Public vs. Semi-Private WiFi
Hotels, restaurants, coffee shops, airports, Airbnb’s, coworking, convention centers, cellular networks, customer and vendor networks. The list goes on and on. The on-the-go WiFi we use when on the go is endless. The average user likely interacts with half a dozen different WiFi networks when traveling in a given year. And that number is growing.
However, for security and to control data consumption it is important to know the difference between all of the different types of WiFi networks. The security considerations alone can be substantial.
What Is Public or Semi-Private WiFi Means?
Public WiFi is just like it sounds. It’s WiFi networks that are considered public use, even if run by a private company. They are WiFi networks where you generally need no special permission to use them. They are intended for everyone within range. Some “public” WiFi may really be targeted at customers, like a coffee shop or hotel lobby.
Public WiFi generally is unsecured (no password), though more professional implementations will require you to accept terms and conditions. These popup screens are known as “captive portals“. Though don’t mistake captive portals for security. They are often more focused on liability than security.
Good examples of public WiFi networks are places such as airports, shopping centers and coffee shops.
Semi-Private WiFi are networks that open to the public, generally customers of a business.
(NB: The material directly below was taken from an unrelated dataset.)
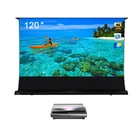 Экран для лазерного проектора, 120 дюйма, 16:9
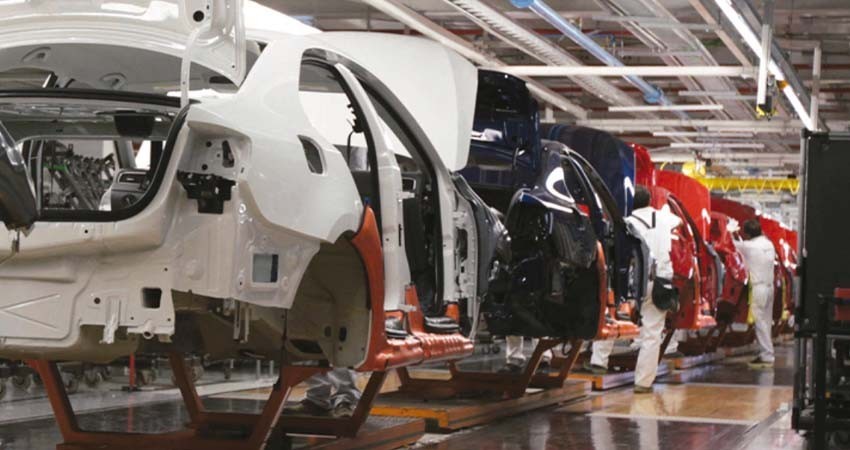 Autopartes que cumplan con el TMEC no serán objeto de aranceles, por ahora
They often require a password, login or information to use. Some only require you to accept terms and conditions. These popup screens are known as “captive portals“. Though don’t mistake captive portals for security. They are often more focused on liability than security.
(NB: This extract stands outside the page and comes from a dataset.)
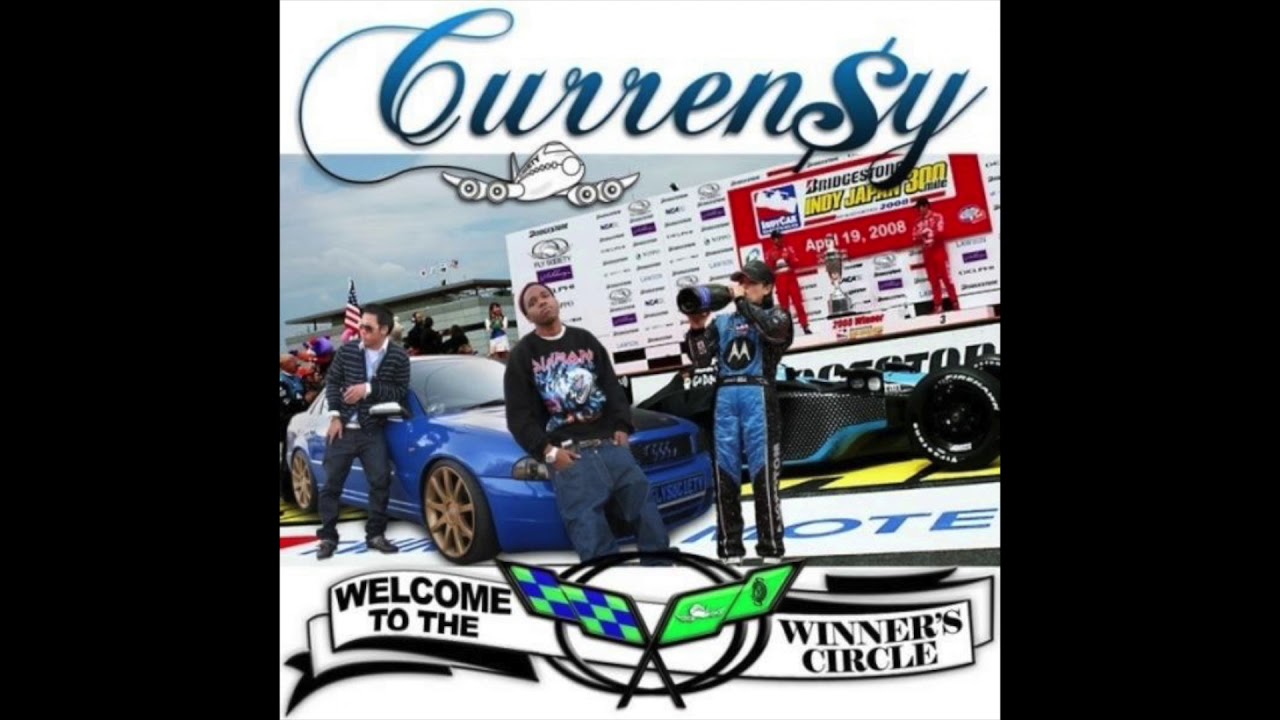 Curren$y - All About Money (feat. Trademark Da Skydiver & Young Roddy)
Semi-Private WiFi networks generally have some level of security. They may be open networks (no password required) or require a password. They may also limit the ability of difference devices on the WiFi network from talking to each other in order to limit security risks.
Hotels, Airbnbs and convention centers are common examples of semi-private WiFi networks.
While Public WiFi networks often bring a need to be security aware because they are open and have a transient user base, Semi-Private WiFi networks often bring a false sense of security. While common sense would tell a user that a shopping center or coffee shop WiFi network could easily visited by intentional or unintentionally malicious user, many people often think that semi-private networks like Airbnb’s and hotels are generally secure.
However, just like with public WiFi, semi-private WiFI generally should be treated as “unsecure”.